Please copy each line of the data that includes the string "Flowers".

■ **Given records**:
--- --- ---
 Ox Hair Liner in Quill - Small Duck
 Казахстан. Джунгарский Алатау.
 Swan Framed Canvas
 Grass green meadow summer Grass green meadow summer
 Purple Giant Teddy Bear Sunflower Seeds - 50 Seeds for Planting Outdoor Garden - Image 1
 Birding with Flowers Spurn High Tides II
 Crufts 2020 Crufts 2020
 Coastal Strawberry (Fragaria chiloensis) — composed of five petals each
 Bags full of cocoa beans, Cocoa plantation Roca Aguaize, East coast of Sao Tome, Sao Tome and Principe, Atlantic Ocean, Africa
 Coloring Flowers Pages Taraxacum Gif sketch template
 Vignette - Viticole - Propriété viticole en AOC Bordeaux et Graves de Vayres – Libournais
--- --- ---
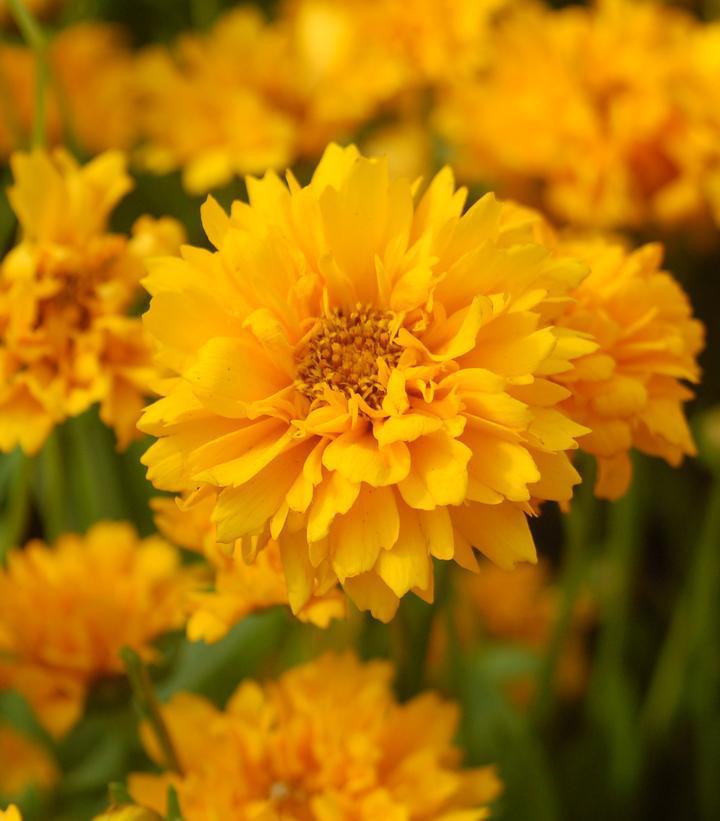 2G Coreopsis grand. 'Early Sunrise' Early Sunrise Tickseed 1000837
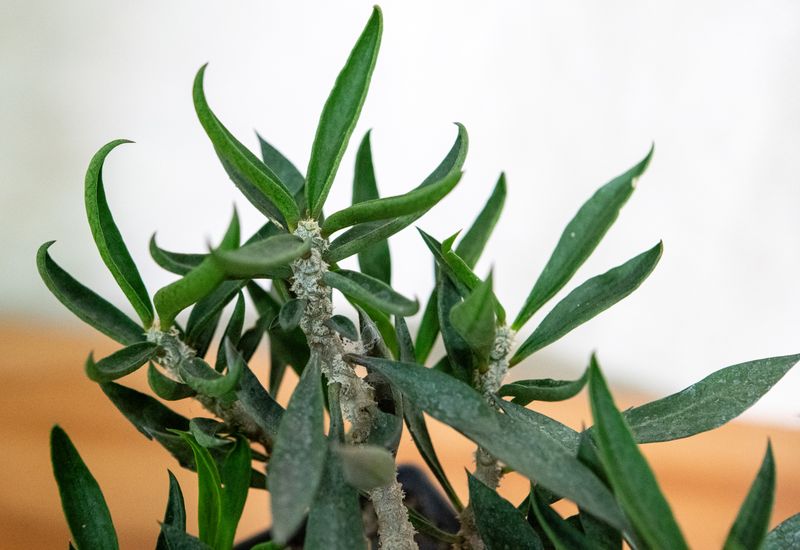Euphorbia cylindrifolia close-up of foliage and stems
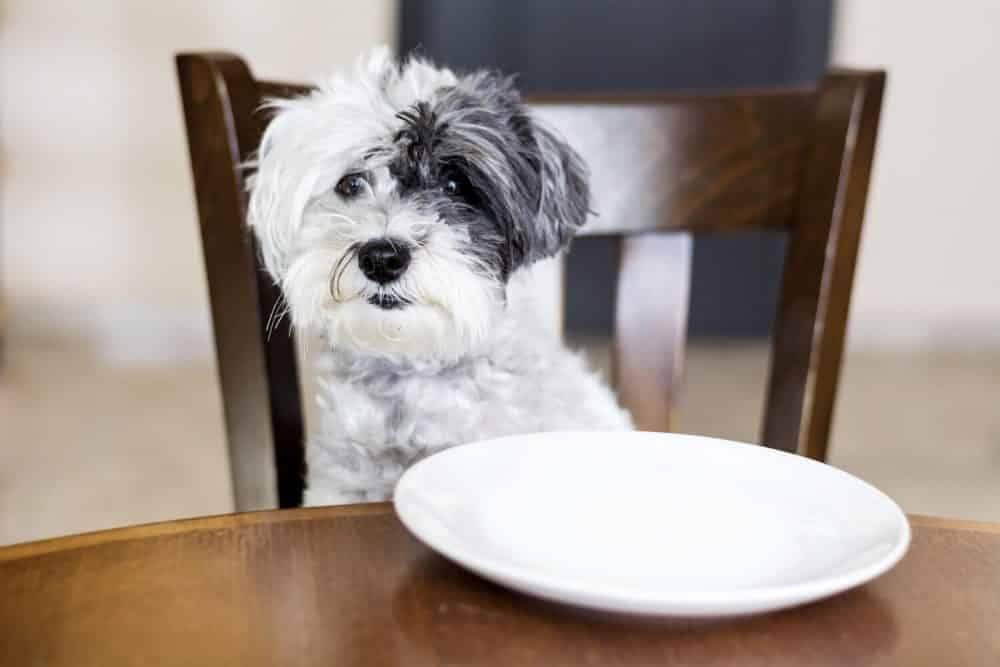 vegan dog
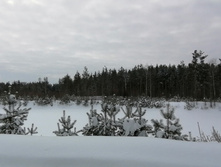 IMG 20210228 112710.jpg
--- --- ---
■ **Exercise result**:
 Birding with Flowers Spurn High Tides II
 Coloring Flowers Pages Taraxacum Gif sketch template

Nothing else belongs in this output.